Land is a critical asset to all companies. Whether they’re affected directly, as in the farming and extractive industries, or indirectly, as in the tourism, chemical and insurance industries, all companies are dependent on the abundant resources that healthy land provides. As natural capital is drawn down at a rate that exceeds the Earth’s capacity to replenish, it’s time for us to get creative about how to change our course of action for the future of business, society and the environment.

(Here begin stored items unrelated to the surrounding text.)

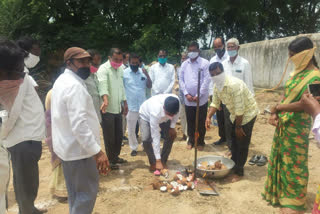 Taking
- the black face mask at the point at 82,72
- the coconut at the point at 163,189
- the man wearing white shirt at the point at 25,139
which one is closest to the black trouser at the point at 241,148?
the coconut at the point at 163,189

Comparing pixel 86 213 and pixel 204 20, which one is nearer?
pixel 86 213

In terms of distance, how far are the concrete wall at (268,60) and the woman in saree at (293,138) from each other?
5.22 m

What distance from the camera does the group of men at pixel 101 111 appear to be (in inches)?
90.8

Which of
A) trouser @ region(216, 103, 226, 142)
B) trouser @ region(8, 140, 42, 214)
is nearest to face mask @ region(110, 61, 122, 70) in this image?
trouser @ region(8, 140, 42, 214)

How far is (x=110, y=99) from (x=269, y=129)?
4.44m

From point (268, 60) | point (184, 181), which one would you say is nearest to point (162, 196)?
point (184, 181)

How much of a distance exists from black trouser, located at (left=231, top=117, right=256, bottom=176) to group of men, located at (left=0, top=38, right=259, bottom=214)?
0.05 ft

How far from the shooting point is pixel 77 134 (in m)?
2.27

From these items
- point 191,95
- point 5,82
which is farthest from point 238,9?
point 5,82

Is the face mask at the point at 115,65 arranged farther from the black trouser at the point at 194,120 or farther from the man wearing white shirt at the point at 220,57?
the man wearing white shirt at the point at 220,57

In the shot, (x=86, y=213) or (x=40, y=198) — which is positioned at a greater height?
(x=86, y=213)

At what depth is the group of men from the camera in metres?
2.31

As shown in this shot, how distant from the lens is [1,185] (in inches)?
57.6

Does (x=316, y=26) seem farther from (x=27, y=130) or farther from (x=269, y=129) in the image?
(x=27, y=130)
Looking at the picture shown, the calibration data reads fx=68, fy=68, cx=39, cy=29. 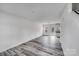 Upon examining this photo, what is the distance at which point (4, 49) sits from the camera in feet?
11.0

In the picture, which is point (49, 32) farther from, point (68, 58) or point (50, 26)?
point (68, 58)

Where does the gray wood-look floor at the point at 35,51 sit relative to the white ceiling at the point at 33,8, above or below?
below

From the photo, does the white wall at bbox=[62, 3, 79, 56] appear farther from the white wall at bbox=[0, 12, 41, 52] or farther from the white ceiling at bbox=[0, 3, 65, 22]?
the white wall at bbox=[0, 12, 41, 52]

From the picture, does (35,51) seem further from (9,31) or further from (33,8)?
(33,8)

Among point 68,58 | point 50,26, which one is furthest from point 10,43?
point 50,26

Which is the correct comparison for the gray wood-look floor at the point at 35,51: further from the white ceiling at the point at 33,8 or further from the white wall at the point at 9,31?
the white ceiling at the point at 33,8

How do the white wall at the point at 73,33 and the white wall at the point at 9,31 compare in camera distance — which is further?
the white wall at the point at 9,31

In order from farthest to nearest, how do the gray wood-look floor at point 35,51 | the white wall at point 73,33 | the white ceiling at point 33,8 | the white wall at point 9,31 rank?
the white wall at point 9,31 → the gray wood-look floor at point 35,51 → the white ceiling at point 33,8 → the white wall at point 73,33

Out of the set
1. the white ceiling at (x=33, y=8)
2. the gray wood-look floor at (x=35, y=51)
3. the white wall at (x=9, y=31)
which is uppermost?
the white ceiling at (x=33, y=8)

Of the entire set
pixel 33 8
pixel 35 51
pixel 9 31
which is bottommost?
pixel 35 51

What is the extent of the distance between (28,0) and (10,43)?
3.18 meters

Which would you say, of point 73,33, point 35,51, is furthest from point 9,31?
point 73,33

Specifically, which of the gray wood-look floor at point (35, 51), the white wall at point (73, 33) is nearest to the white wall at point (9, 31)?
the gray wood-look floor at point (35, 51)

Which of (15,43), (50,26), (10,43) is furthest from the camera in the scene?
(50,26)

At WBCSD, we realize that addressing land degradation is a challenge. But we also understand that it represents an opportunity to recover lost benefits and treat land as a valuable asset. At present, 25% of all usable land on earth is degraded. Global economic losses as a result of land degradation are estimated at US$40 billion every year. But there’s hope. Out of all degraded land, more than two billion hectares worldwide, an area larger than South America, offer opportunities for restoration. A step change in the way that we restore and sustainably manage degraded land could yield up to US$1.4 trillion in increased crop production – not to mention the added benefit of revitalized carbon storage and sequestration.

Governments and policymakers are also beginning to recognize that land degradation challenges actually constitute important development opportunities. In 2012, the United Nations Convention to Combat Desertification (UNCCD) introduced the concept of land degradation neutrality (LDN) and proposed a new goal of striving toward a land degradation neutral world over the coming decades.

As the connections between land degradation, climate change and poverty become increasingly clear, global policymakers are expected to back this target by placing more emphasis on restoring degraded land. The case is so strong and the issue is so prevalent, that the LDN target goal is expected to be adopted by the UNCCD parties during their twelfth Conference of the Parties (COP12) in Ankara, on 12-23 October 2015. The target is also now reflected in the Sustainable Development Goals (SDG) proposal that is likely to be adopted at the UN General Assembly in September 2015:

By 2020, combat desertification, restore degraded land and soil, including land affected by desertification, drought and floods, and strive to achieve a land-degradation-neutral world.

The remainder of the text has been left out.